* **Material provided**

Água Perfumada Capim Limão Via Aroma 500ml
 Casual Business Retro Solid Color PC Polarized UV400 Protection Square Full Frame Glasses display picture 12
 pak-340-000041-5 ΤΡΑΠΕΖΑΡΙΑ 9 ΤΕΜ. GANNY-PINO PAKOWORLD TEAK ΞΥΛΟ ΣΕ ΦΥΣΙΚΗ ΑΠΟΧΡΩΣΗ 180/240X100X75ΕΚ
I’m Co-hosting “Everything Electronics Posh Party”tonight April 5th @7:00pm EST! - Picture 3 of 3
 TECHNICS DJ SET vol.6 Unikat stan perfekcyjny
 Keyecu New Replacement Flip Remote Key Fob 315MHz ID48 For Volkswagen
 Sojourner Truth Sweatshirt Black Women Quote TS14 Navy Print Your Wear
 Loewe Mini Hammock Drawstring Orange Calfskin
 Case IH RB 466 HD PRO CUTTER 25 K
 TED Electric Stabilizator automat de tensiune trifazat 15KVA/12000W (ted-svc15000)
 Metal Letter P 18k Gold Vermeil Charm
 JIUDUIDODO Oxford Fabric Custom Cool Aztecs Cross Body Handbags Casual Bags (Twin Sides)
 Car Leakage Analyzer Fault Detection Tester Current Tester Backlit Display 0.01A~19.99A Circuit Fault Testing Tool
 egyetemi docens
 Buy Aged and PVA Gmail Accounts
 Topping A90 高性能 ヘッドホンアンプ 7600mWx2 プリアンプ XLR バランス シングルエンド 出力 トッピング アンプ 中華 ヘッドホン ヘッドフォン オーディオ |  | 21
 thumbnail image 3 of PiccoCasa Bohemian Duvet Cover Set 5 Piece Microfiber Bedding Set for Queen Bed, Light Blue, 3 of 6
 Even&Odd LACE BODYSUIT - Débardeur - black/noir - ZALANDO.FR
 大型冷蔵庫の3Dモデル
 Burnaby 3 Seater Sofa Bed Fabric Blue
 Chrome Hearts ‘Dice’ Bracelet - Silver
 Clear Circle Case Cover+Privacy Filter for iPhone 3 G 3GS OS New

* **Your instructions**
From the listing, count how many lines contain the string "Case", and answer with the number by itself.

* **Reply**
2